В строгом педантичном смысле это срав­нение: названы обе составляющие образ части, между ними есть союз «как» и т.д. Вообще говоря, для поэзии нашего века мелочные технические различия между сравнением и метафорой становятся все менее важными, поэтому в академической науке возник составной термин метафора-сравнение, а некоторые теоретики просто считают метафору частным случаем срав­нения.

Зачем все эти терминологические трюиз­мы? Затем, чтобы продолжить их трюизмом философским «все познается в сравнении», а потом перейти к вещам ме­нее очевидным.

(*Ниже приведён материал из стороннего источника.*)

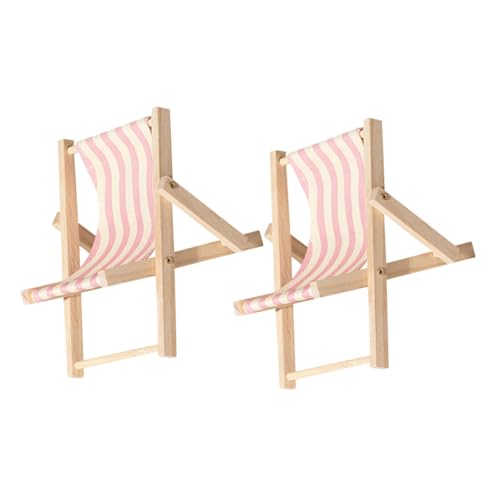 2st Spielzeug Stuhl Desktop-telefonhalter Tischtelefonständer Zubehör Für Strandkörbe Zusammenklappbarer Desktop-telefonständer Mini-Lounge-Sessel Kinderspielhaus Spielzeug Holz TOYANDONA von TOYANDONA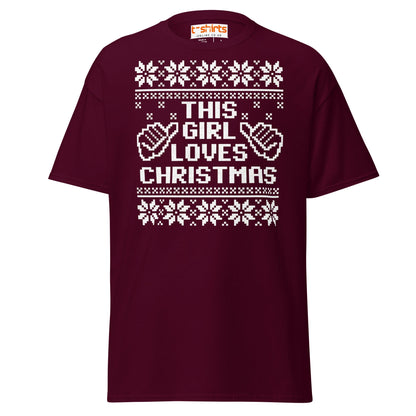 This Girl Loves Christmas T-Shirt | Festive Holiday Tee - Maroon - T-Shirts Online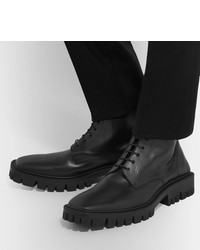 schwarze Lederfreizeitstiefel von Balenciaga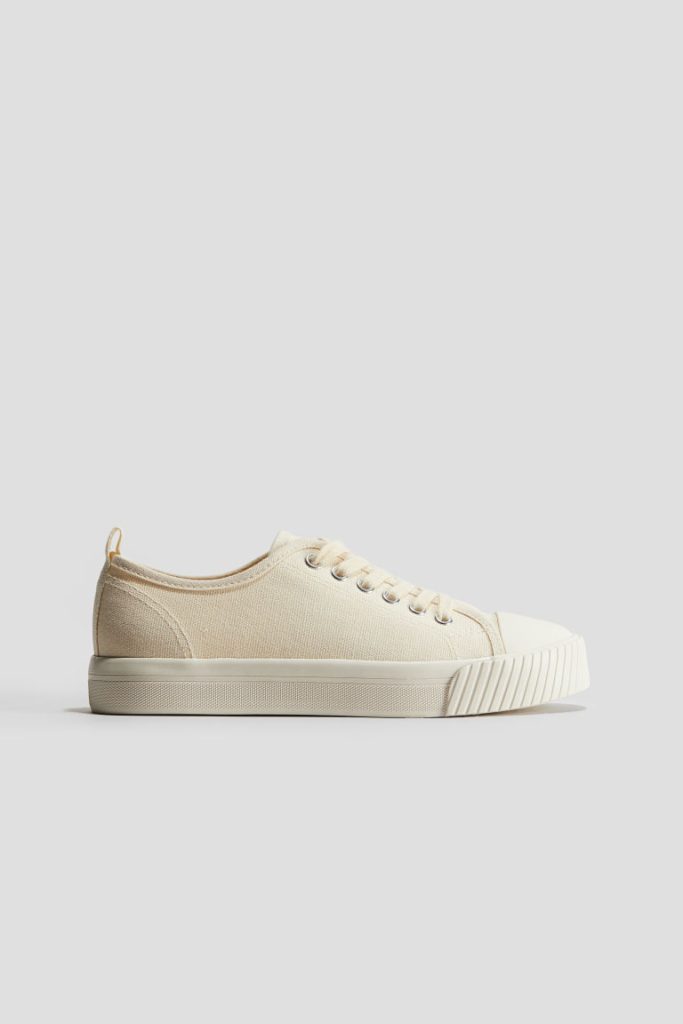 H & M - Sneakers van katoenen canvas - Wit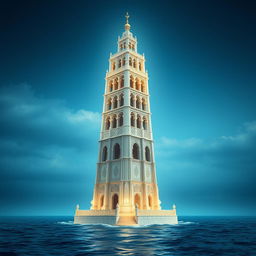 Un emblema exquisito de un reino subacuático indio, presentando una torre alta y cilíndrica de un blanco grisáceo que se eleva majestuosa desde el fondo del océano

Мир, состоящий из разнородных, не соотнесенных друг с другом предметов, называется хаосом. Сравнение — первый шаг навстречу гармонии. Между котом и ра­диоприемником гораздо больше различий, чем сходства. Они не были похожи до тех пор, пока в комнату не вошел человек. Это третий, и, может быть, важнейший, элемент художественного сравнения. Его-то иногда не замечает читатель, допуская ошибку не теоретическую — душевную. Потому труд­но согласиться с теми: кто считает метафоричность Вознесенского чрезмерной. Нужна ли умеренность в той работе, которую Блок определял словами «безличное - вочеловечить»? А в деле «вочеловечивания» метафора — одно из самых мощных средств.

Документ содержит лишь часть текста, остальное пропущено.